(Your instructions): Copy out the lines beginning with the one that contains "STAHAD 4 Piedini" and ending with the last line below, exactly as they stand. Pictures are not copied.

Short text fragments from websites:
----
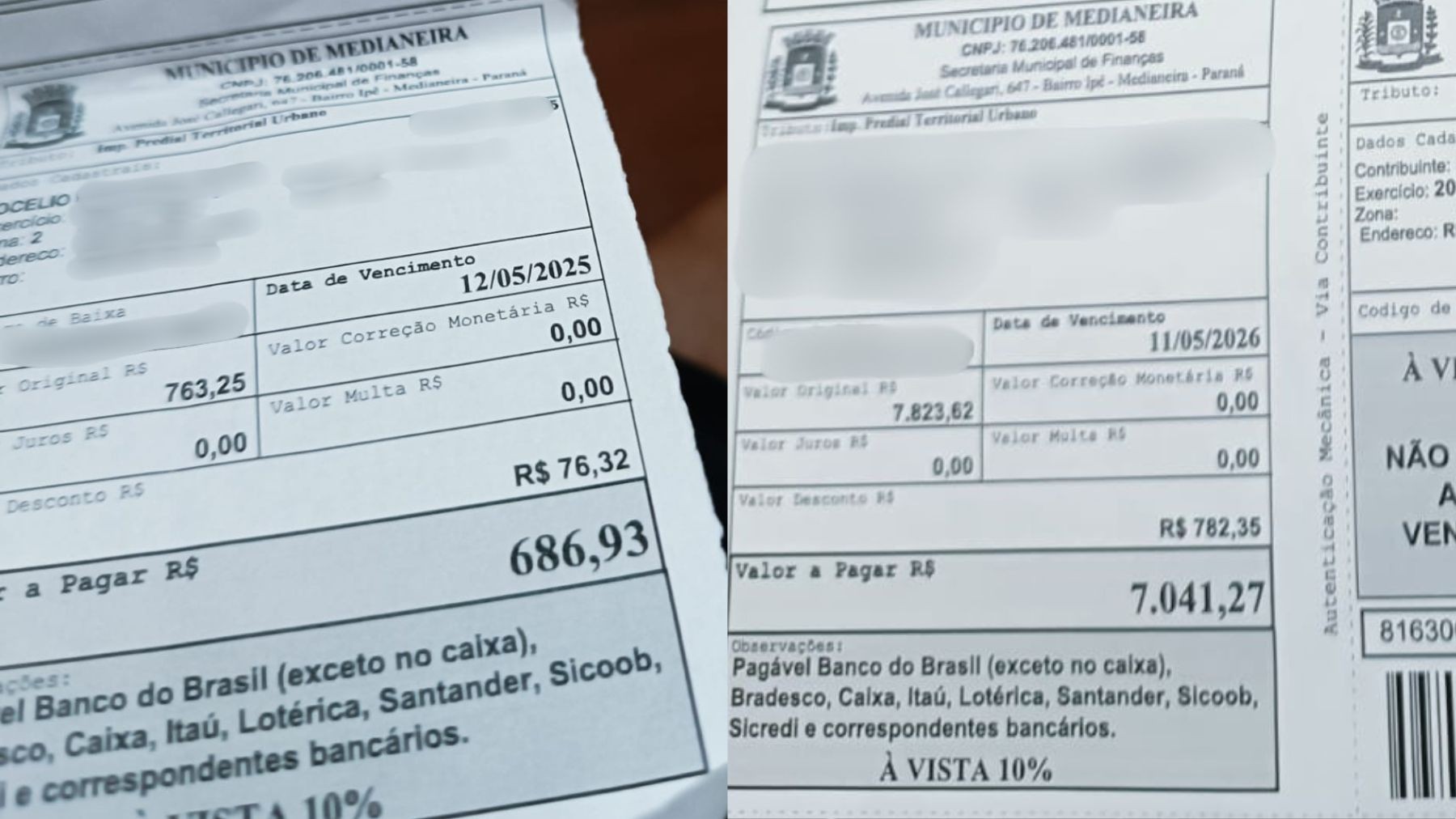 IPTU: prefeitura do Paraná erra cálculo, e morador vê imposto saltar de R$ 686 para mais de R$ 7 mil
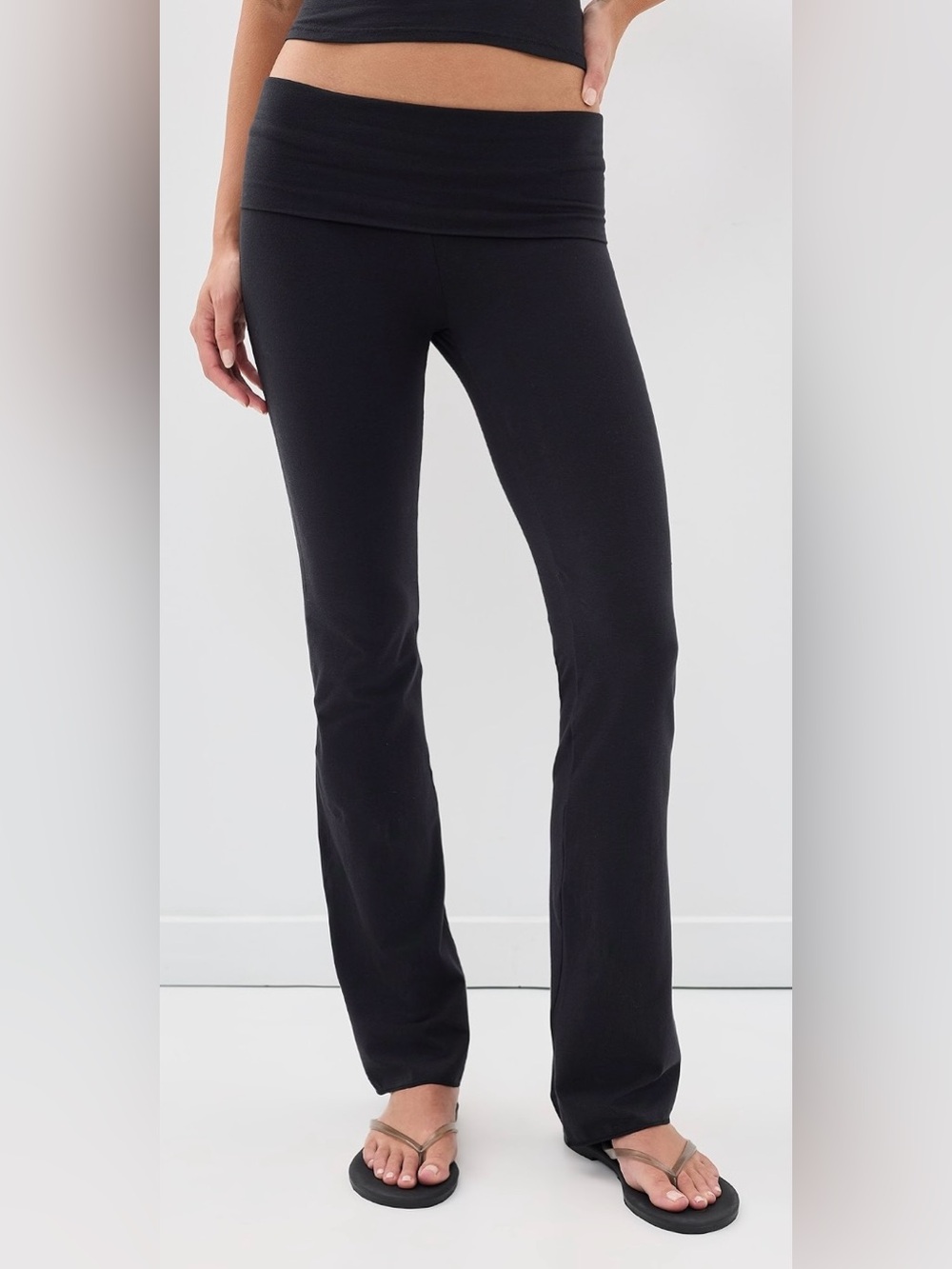 SKIMS // Jersey Fold Over Pants
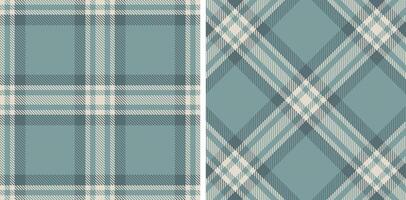 Dusty Light Grey Seamless Tartan with Cool Cool Grey accents Fabric Design vector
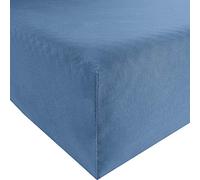 Bassetti Lenzuolo con angoli elasticizzati, tinta unita, B1/831, in cotone e elastan, dimensioni: 140 x 200 cm, 160 x 220 cm, 9260298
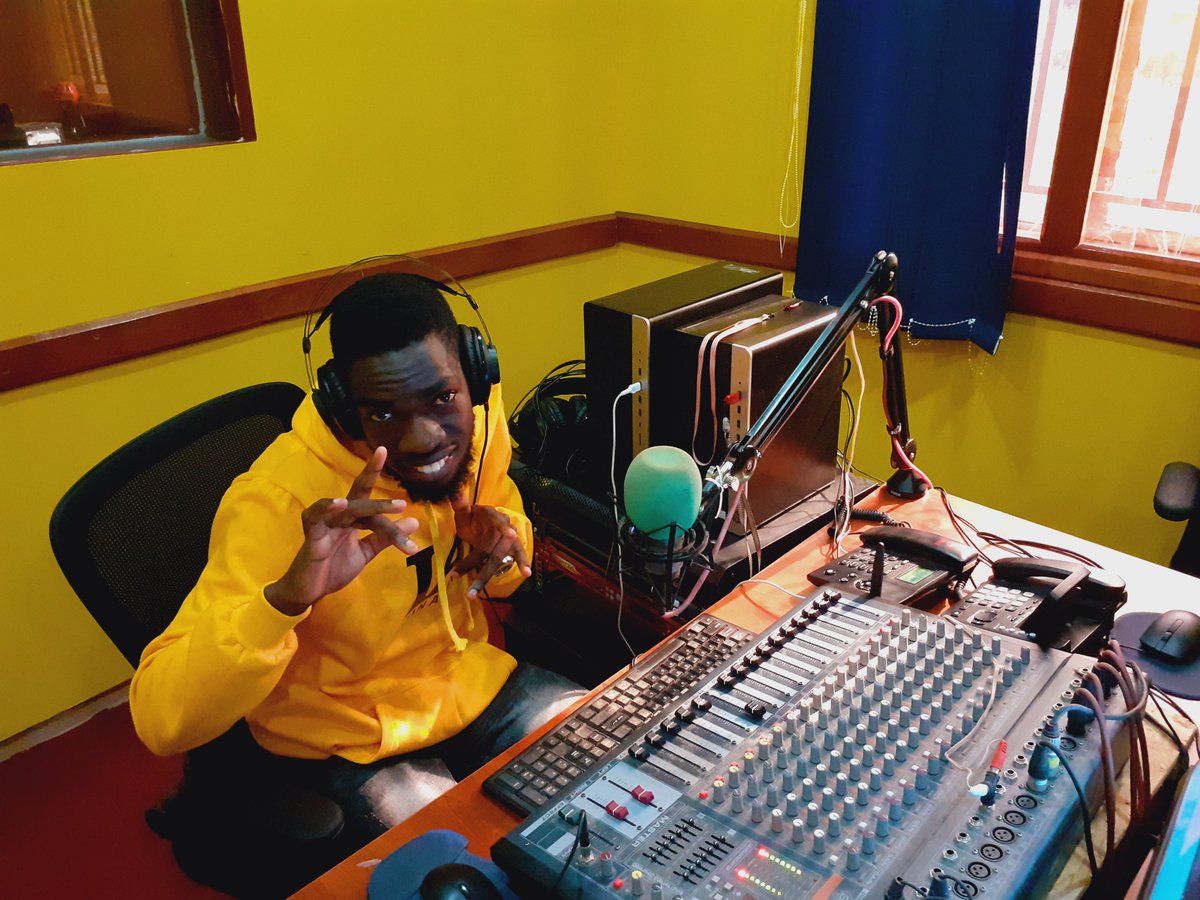 The swaged up Ian is live on the #MorningExpress on @kyakafmradio. Mon-Fri(6-10am) leave a comment below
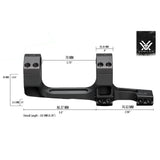 Cantilever étendu de précision Vortex 34 mm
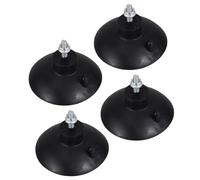 STAHAD 4 Piedini a Ventosa Neri in Plastica M6 con Dadi Flangiati, Piedini Antiscivolo per Tagliapatate Industriali e Attrezzature da Cucina, Antivibrazione e Removibili per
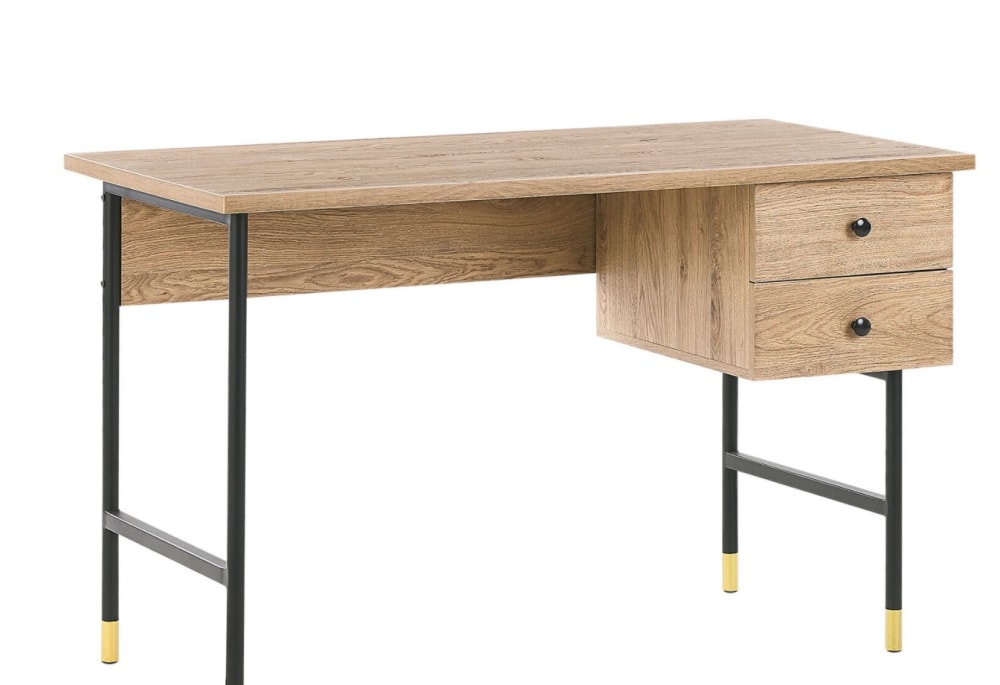 Scrivania da ufficio 120 x 60 cm in legno chiaro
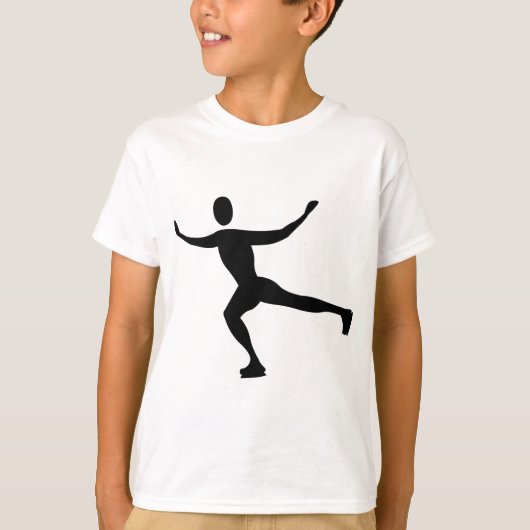 氷スケートで滑る – 黒 Tシャツ (正面)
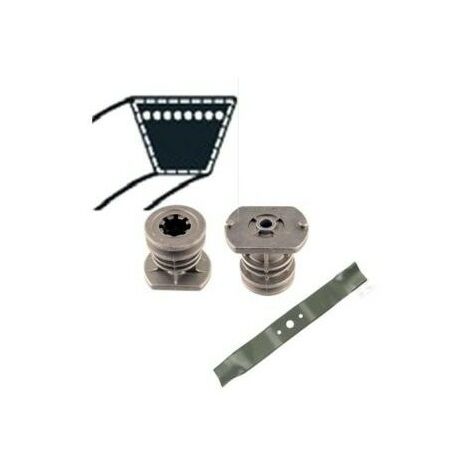 381003381/0 - Kit support de Lame / Lame et courroie pour tondeuse Stiga / CAstelgarden / GGP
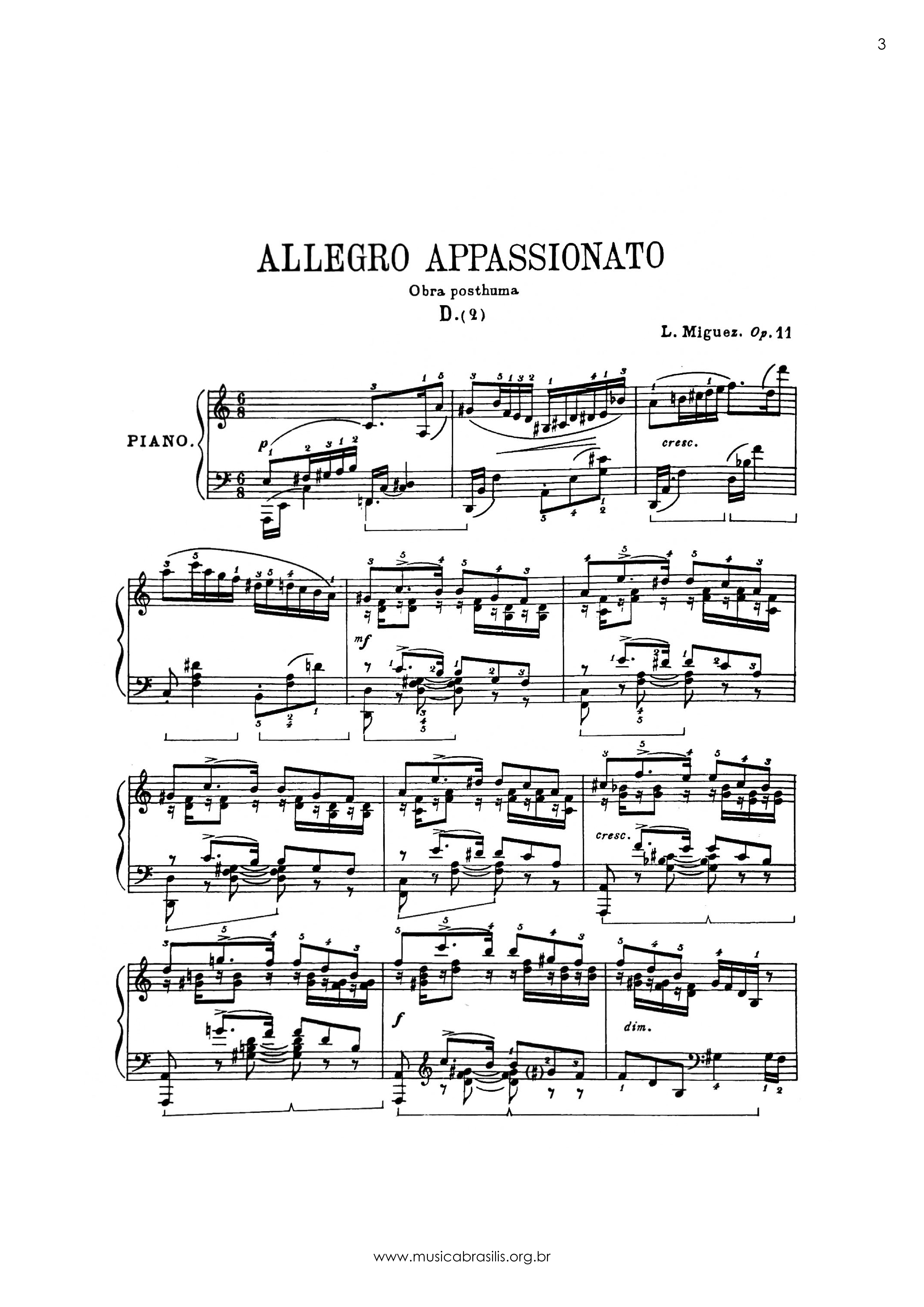 Allegro appassionato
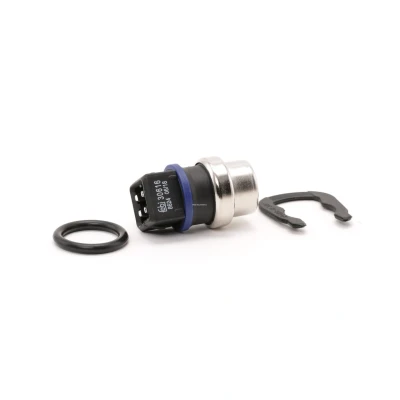 Image of 357919501A, 357919501AS1, 6U0919501B, 6U0919501BS1 Coolant Temperature Sensor FEBI BILSTEIN 39142 blue black with retaining spring, seal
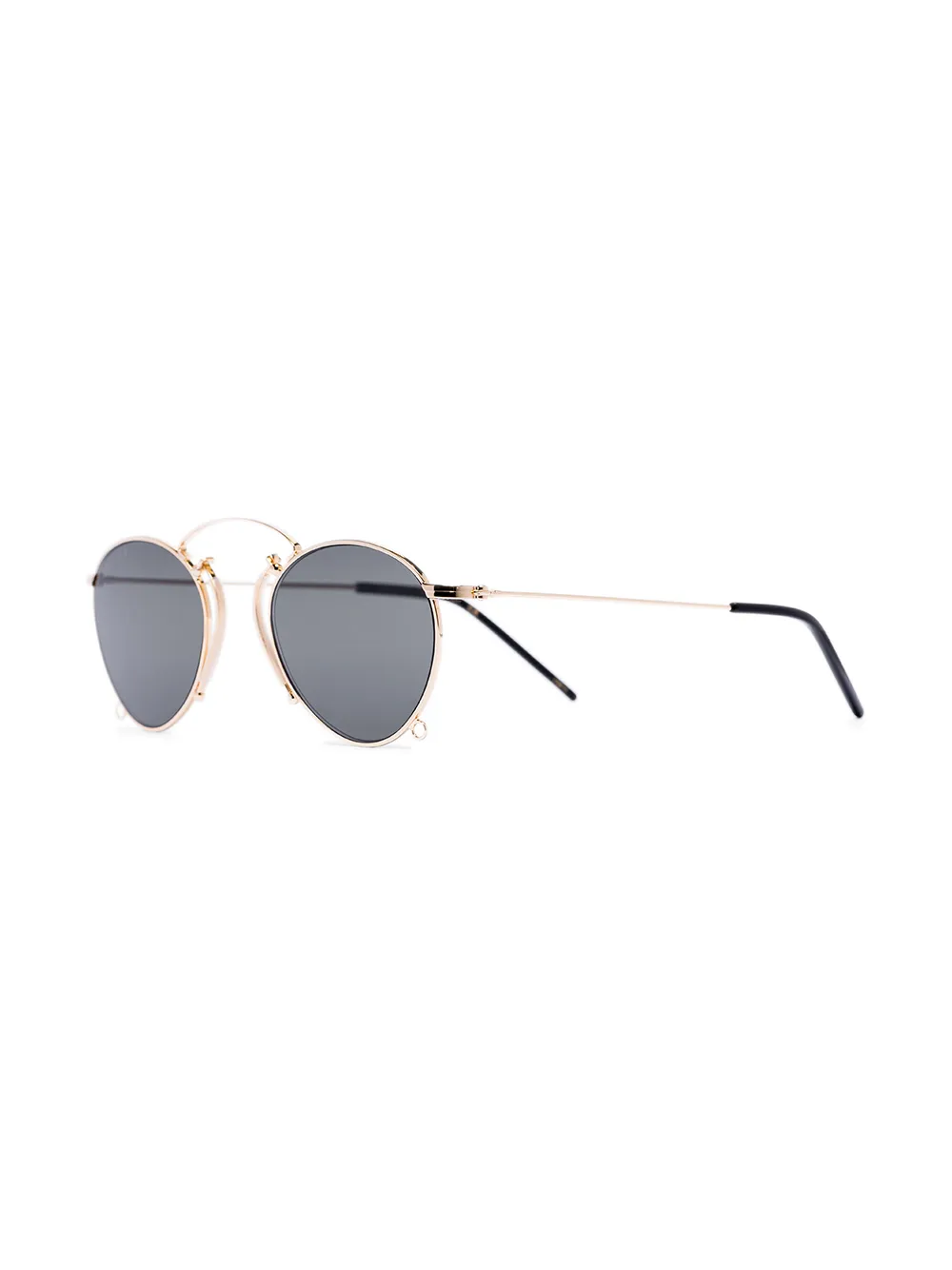 Gucci Eyewear Pince- Nez zonnebril met rond montuur - Goud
----
(Answer space):
 STAHAD 4 Piedini a Ventosa Neri in Plastica M6 con Dadi Flangiati, Piedini Antiscivolo per Tagliapatate Industriali e Attrezzature da Cucina, Antivibrazione e Removibili per
 Scrivania da ufficio 120 x 60 cm in legno chiaro
 氷スケートで滑る – 黒 Tシャツ (正面)
 381003381/0 - Kit support de Lame / Lame et courroie pour tondeuse Stiga / CAstelgarden / GGP
 Allegro appassionato
 Image of 357919501A, 357919501AS1, 6U0919501B, 6U0919501BS1 Coolant Temperature Sensor FEBI BILSTEIN 39142 blue black with retaining spring, seal
 Gucci Eyewear Pince- Nez zonnebril met rond montuur - Goud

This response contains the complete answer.